Exercising with Ankle Weights
Ankle weights add appealing intensity to any fitness routine, but unless they are used in a focused method of resistance training, the long-term side effects of using ankle weights are detrimental to one's overall health. Using ankle weights will increase the amount of calories burned in any given workout, but ankle weights are hard on the joints and make a poor substitute for weight-training.
The body receives more benefits when cardiovascular training and ankles weights keep their separate identities. It is perfectly safe and even saves time to combine cardio and weights into one workout. Performing a set amount of bicep curls and military presses with manageable dumbbell weights while walking is different, though, than attaching more mass to the legs and taking that extra torque along for the entire ride. Joints, not muscles, end up swinging that little load, and joints are very susceptible to overuse injuries. It a person has an hour to exercise, it would be more beneficial to do 20-30 minutes of cardio followed by 20-30 minutes of weights.
Ankle weights give users a false sense of strength and stamina. To properly build and maintain muscle strength and bone density, a person needs to be pushing and pulling at least one-third to one-half of their body weight once or twice per week. That's the mimimum, and those numbers keep changing as more research about osteoporosis and muscle hypertrophy is revealed. Dinky, little ankle weights might elevate the heart rate more, but over time they will break the body down, dismantling it instead of improving it.
If you are loving your ankle weights, consider obesity's negative impact on joints. In addition to heart disease, diabetes and a chunk of other challenges, being overweight is hard on bones and joints. Obese individuals report more pain in their knees, elbows, hips, and spines. Being only 5-10 pounds overweight adds to the overall stress on a person's body. Underneath all that fat is some major muscle, but those muscles are indeed buried and overtaxed.
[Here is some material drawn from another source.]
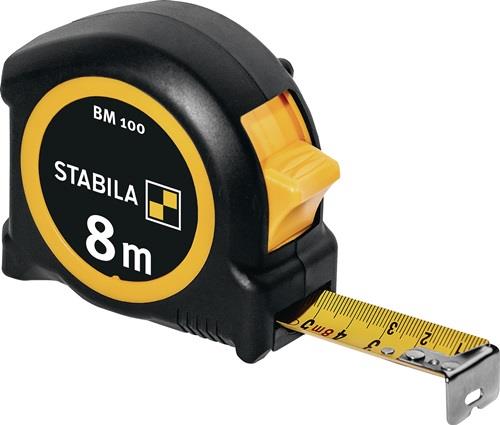 STABILA Taschenrollbandmaß BM 100 L.8m B.25mm mm/mm EG II ABS/TPE Metall-Clip STABILA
If the goal is to lose weight in order to become healthier, why add ankle weight and increase the risk of having unhealthy joints?
The only instance in which ankle weights would be appropriate would be using them when you want a very slow, meditative walking workout (e.g.. 20 minutes or less every other day) or when the lowest setting on a weight machine is too difficult. In fact, it would be highly beneficial to attach weights to the ankles of a person who has very little knee strength. In the case of weak knees, do a set number of repetitions that specifically exercise the quadriceps, hamstrings, glutes, and inner thighs.
Water walking would be a better alternative for those who enjoy that sense of pushing or slugging through extra resistance. Public pools and community centers with water parks often invite walkers to join swimmers during open swim times. Some facilities have current channels, lovingly used by young children on floats and adults walking against the current for exercise.
While ankle weights put the stress into the ankle and knee joints, walking in water is a natural way to increase load and resistance to the entire limb and throughout the rest of the body. Unless you are using ankle weights for specific exercises or moving slowly and carefully with them, move on to heavier weight in a concentrated weight routine.